The potential energy surface (PES) is a central concept in computational chemistry. A PES is the relationship – mathematical or graphical – between the energy of a molecule (or a collection of molecules) and its geometry. The Born–Oppenheimer approximation says that in a molecule the nuclei are essentially stationary compared to the electrons. This is one of the cornerstones of computational chemistry because it makes the concept of molecular shape (geometry) meaningful, makes possible the concept of a PES, and simplifies the application of the Schrödinger equation to molecules by allowing us to focus on the electronic energy and add in the nuclear repulsion energy later; this third point, very important in practical molecular computations, is elaborated on in Chapter 5. Geometry optimization and transition state optimization are explained.

Appendices

Easier Questions

1. 1.

   What is a potential energy surface (give the two viewpoints)?

2. 2.

   Explain the difference between a relaxed PES and a rigid PES.

3. 3.

   What is a stationary point? What kinds of stationary points are of interest to chemists, and how do they differ?

4. 4.

   What is a reaction coordinate?

5. 5.

   Show with a sketch why it is not correct to say that a transition state is a maximum on a PES.

6. 6.

   What is the Born–Oppenheimer approximation, and why is it important?

7. 7.

   Explain, for a reaction A → B, how the potential energy change on a PES is related to the enthalpy change of the reaction. What would be the problem with calculating a free energy/geometry surface?

   Hint: Vibrational frequencies are normally calculated only for stationary points.

8. 8.

   What is geometry optimization? Why is this process for transition states (often called transition state optimization) more challenging than for minima?

9. 9.

   What is a Hessian? What uses does it have in computational chemistry?

10. 10.

    Why is it usually good practice to calculate vibrational frequencies where practical, although this often takes considerably longer than geometry optimization?

Harder Questions

1. 1.

   The Born–Oppenheimer principle is often said to be a prerequisite for the concept of a potential energy surface. Yet the idea of a potential energy surface (Marcelin 1915) predates the Born–Oppenheimer principle (1927). Discuss.

2. 2.

   How high would you have to lift a mole of water for its gravitational potential energy to be equivalent to the energy needed to dissociate it completely into hydroxyl radicals and hydrogen atoms? The strength of the O–H bond is about 400 kJ mol⁻¹; the gravitational acceleration g at the Earth’s surface (and out to hundreds of kilometres) is about 10 m s⁻². What does this indicate about the role of gravity in chemistry?

3. 3.

   If gravity plays no role in chemistry, why are vibrational frequencies different for, say, C–H and C–D bonds?

4. 4.

   We assumed that the two bond lengths of water are equal. Must an acyclic molecule AB₂ have equal A–B bond lengths?
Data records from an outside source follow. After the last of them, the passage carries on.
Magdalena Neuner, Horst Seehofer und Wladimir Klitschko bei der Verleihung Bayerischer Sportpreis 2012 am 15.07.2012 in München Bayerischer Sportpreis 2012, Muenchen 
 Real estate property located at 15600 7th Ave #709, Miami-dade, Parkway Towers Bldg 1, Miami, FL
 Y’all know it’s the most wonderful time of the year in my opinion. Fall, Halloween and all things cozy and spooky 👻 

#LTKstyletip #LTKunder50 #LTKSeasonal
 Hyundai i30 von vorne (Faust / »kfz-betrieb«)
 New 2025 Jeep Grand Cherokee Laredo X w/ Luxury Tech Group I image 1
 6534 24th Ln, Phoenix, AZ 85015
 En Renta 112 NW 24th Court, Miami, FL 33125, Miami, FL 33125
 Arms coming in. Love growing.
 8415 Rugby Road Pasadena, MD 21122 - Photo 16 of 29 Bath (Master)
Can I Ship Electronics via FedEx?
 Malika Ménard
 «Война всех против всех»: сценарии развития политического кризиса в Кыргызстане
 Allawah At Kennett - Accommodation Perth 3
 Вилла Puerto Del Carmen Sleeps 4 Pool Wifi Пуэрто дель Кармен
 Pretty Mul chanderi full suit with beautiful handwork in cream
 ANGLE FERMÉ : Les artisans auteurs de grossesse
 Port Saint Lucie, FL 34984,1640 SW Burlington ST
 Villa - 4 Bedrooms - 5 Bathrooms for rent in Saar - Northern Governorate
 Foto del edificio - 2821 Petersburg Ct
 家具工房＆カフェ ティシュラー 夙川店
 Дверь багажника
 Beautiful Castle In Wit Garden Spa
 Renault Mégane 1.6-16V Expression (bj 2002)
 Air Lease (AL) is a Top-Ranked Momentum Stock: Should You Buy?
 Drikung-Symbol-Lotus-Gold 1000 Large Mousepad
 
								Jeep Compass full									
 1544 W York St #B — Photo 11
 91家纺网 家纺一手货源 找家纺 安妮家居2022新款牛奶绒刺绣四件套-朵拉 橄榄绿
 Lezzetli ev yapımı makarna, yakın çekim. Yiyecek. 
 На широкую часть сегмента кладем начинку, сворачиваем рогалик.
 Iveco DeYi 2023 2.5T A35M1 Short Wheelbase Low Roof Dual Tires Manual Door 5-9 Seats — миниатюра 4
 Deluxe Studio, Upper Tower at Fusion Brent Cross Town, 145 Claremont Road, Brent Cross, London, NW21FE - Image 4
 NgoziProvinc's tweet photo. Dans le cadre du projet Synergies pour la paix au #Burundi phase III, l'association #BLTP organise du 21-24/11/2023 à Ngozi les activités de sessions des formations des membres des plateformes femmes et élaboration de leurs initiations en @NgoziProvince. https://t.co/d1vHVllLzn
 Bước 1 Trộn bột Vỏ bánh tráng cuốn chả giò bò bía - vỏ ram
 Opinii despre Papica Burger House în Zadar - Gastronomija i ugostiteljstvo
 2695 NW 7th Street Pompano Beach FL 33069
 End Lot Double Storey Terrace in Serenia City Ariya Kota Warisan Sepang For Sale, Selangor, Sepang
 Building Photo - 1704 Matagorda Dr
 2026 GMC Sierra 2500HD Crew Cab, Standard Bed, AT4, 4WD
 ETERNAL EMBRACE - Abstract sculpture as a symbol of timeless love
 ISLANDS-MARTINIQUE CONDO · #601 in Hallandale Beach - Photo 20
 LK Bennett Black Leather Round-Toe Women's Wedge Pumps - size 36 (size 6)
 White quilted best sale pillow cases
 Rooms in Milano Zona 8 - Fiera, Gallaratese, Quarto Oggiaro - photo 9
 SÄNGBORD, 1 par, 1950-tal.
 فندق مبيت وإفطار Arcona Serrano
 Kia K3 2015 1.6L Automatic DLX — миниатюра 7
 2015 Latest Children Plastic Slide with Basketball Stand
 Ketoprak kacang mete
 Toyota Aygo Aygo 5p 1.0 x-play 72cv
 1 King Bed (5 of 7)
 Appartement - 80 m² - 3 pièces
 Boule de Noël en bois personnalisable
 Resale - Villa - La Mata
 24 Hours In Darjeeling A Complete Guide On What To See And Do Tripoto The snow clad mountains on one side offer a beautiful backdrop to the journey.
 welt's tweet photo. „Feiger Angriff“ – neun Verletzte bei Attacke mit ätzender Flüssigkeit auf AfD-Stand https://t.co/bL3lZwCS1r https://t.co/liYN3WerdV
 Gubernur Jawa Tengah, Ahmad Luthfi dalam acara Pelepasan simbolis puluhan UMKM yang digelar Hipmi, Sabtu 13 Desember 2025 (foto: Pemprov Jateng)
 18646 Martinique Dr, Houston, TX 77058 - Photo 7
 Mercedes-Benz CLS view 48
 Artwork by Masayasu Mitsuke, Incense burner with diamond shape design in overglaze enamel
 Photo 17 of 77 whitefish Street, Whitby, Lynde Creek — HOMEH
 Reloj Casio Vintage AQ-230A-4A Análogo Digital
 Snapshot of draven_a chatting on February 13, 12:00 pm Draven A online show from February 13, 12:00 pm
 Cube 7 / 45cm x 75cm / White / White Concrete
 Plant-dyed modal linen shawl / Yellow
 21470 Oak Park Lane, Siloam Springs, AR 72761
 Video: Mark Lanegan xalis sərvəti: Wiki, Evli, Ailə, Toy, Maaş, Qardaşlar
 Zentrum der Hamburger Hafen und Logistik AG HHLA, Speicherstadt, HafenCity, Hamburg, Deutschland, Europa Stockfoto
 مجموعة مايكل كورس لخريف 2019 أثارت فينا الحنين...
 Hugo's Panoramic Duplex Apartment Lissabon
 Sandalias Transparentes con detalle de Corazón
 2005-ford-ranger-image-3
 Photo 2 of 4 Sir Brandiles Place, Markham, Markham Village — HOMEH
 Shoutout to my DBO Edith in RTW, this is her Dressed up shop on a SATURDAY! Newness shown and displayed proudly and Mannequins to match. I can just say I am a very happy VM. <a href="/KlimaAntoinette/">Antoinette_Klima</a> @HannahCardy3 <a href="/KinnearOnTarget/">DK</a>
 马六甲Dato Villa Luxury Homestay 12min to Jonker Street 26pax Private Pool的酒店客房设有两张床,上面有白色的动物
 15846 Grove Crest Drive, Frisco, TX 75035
What about a cyclic molecule AB₂?

5. 5.

   Why are chemists but rarely interested in finding and characterizing second-order and higher saddle points (hilltops)?

6. 6.

   What kind(s) of stationary points do you think a second-order saddle point connects?

7. 7.

   If a species has one calculated frequency very close to 0 cm⁻¹ what does that tell you about the (calculated) potential energy surface in that region?

8. 8.

   The ZPE of many molecules is greater than the energy needed to break a bond; for example, the ZPE of hexane is about 530 kJ mol⁻¹, while the strength of a C–C or a C–H bond is only about 400 kJ mol⁻¹. Why then do such molecules not spontaneously decompose?

9. 9.

   Only certain parts of a potential energy surface are chemically interesting: some regions are flat and featureless, while yet other parts rise steeply and are thus energetically inaccessible. Explain.

10. 10.

    Consider two potential energy surfaces for the HCN HNC reaction: A, a plot of energy versus the H–C bond length, and B, a plot of energy versus the HNC angle. Recalling that HNC is the higher-energy species, sketch qualitatively the diagrams for A and B.